Pictures in the records are to be excluded from an otherwise exact copy.

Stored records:
- - - - -

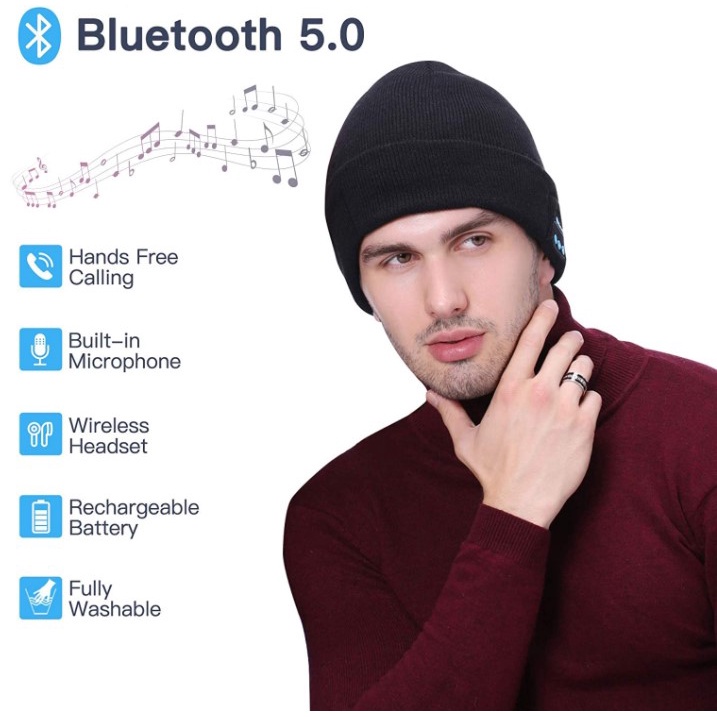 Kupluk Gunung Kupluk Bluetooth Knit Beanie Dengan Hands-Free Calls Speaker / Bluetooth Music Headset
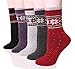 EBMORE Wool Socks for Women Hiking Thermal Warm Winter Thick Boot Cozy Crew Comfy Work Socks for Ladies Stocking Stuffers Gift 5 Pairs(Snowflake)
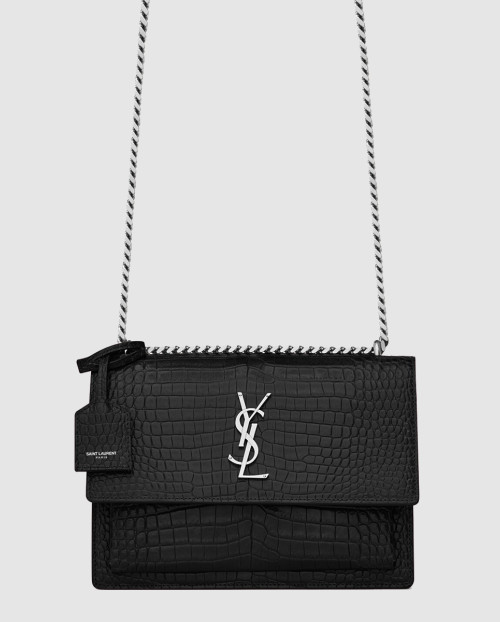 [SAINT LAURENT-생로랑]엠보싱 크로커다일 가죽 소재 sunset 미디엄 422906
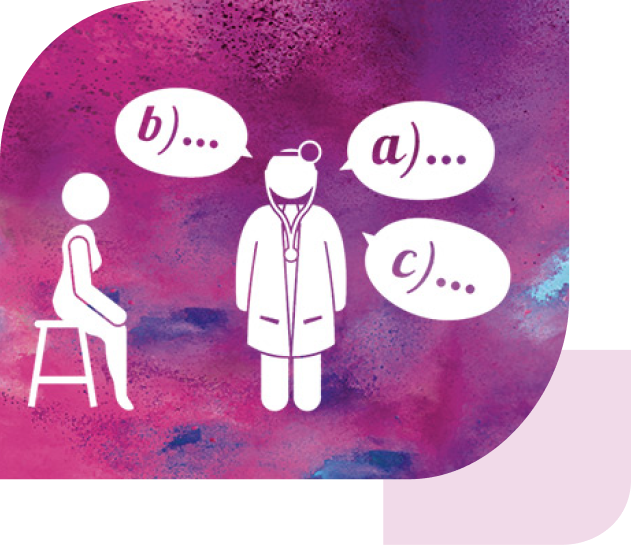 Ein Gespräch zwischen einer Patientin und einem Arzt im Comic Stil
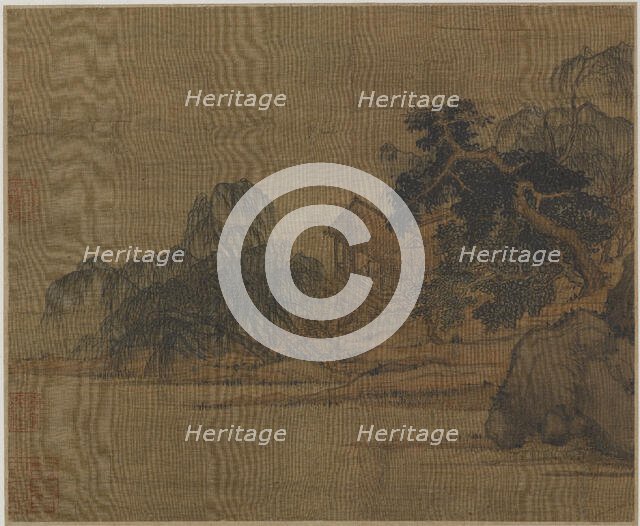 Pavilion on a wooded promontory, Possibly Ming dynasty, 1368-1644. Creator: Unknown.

- - - - -

### YOUR RESPONSE
 Kupluk Gunung Kupluk Bluetooth Knit Beanie Dengan Hands-Free Calls Speaker / Bluetooth Music Headset
 EBMORE Wool Socks for Women Hiking Thermal Warm Winter Thick Boot Cozy Crew Comfy Work Socks for Ladies Stocking Stuffers Gift 5 Pairs(Snowflake)
 [SAINT LAURENT-생로랑]엠보싱 크로커다일 가죽 소재 sunset 미디엄 422906
 Ein Gespräch zwischen einer Patientin und einem Arzt im Comic Stil
 Pavilion on a wooded promontory, Possibly Ming dynasty, 1368-1644. Creator: Unknown.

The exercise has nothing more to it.